- Directed by: Nanette Burstein Brett Morgen
- Written by: Nanette Burstein Brett Morgen
- Produced by: Nanette Burstein Brett Morgen
- Narrated by: Robert Evans
- Music by: Jeff Danna
- Distributed by: USA Films (United States) StudioCanal (International)
- Release date: January 18, 2002;
- Running time: 93 minutes
- Country: United States
- Language: English

= The Kid Stays in the Picture =

1994 autobiography and 2002 film

The Kid Stays in the Picture is a 1994 print autobiography by film producer Robert Evans. A film adaptation of the book was released in 2002.

The title comes from a line attributed to studio head Darryl F. Zanuck, who was defending Evans after some of the actors involved in the film The Sun Also Rises (1957) had recommended he be removed from the cast.
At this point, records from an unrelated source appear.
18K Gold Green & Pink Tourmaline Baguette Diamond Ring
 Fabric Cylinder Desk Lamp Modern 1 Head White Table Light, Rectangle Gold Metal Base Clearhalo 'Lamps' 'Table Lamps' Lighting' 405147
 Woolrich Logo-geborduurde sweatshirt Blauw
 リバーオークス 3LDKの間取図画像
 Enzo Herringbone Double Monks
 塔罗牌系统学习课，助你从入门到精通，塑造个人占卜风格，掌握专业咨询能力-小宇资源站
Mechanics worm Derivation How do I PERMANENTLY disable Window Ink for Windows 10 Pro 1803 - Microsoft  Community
The film adaptation was directed by Nanette Burstein and Brett Morgen and released by USA Films. It was screened out of competition at the 2002 Cannes Film Festival.

==Synopsis==
===Book===

The book chronicles Evans' rise from childhood to radio star to film actor to production chief of Paramount Pictures to independent producer, his marriage to Ali MacGraw, his downfall including his 1980 cocaine bust and implication in the murder of Roy Radin, aka "The Cotton Club Murder", his banishment from Paramount Pictures, and his return to the studio in the early 1990s.

The audiobook version was read by Evans himself, with (presumably impromptu) additions.

A revised edition of the book, published in 1995, adds several chapters of new material, including material on his projects after his return to Paramount Pictures.

===Film===

The film version, released in 2002, uses Evans' narration interspersed mostly with photographs from Evans' life as well as brief film footage from films such as Love Story, The Sun Also Rises, Rosemary's Baby, Chinatown, and The Godfather, along with interviews to tell the story from his discovery by Norma Shearer for Man of a Thousand Faces (1957) to his return to Paramount Pictures.

According to the commentary by directors Burstein and Morgen on the DVD, many elements from the book, such as Evans' childhood and his other marriages (the film concentrates only on his marriage to Ali MacGraw), were dropped because they felt they did not move the story along.

==Critical response==

On review aggregator Rotten Tomatoes, the film holds an approval rating of 91% based on 112 reviews, with an average rating of 7.69/10. The website's critical consensus reads, "Though not objective by any means, The Kid Stays in the Picture is irresistibly entertaining." Metacritic, which uses a weighted average, assigned the a score of 75 out of 100, based on 31 critics, indicating "generally favorable" reviews.

==Stage production==
An adaptation of the book—along with material from a further, unpublished volume of Evans' memoirs—for the Broadway stage was announced in 2010, to be written by Jon Robin Baitz and directed by Richard Eyre, but the production was canceled in 2011.

Another stage adaptation of the book was first performed at the Royal Court Theatre in London in 2017. It was adapted by the Complicite theatre company and directed by Simon McBurney. The cast included Danny Huston, son of John Huston, who worked with Evans on Chinatown in 1974.

==In popular culture==
The film version was parodied in the IFC series Documentary Now! with Bill Hader as Jerry Wallach.

Robert Evans and his book appear in Moby's "We Are All Made of Stars" videoclip.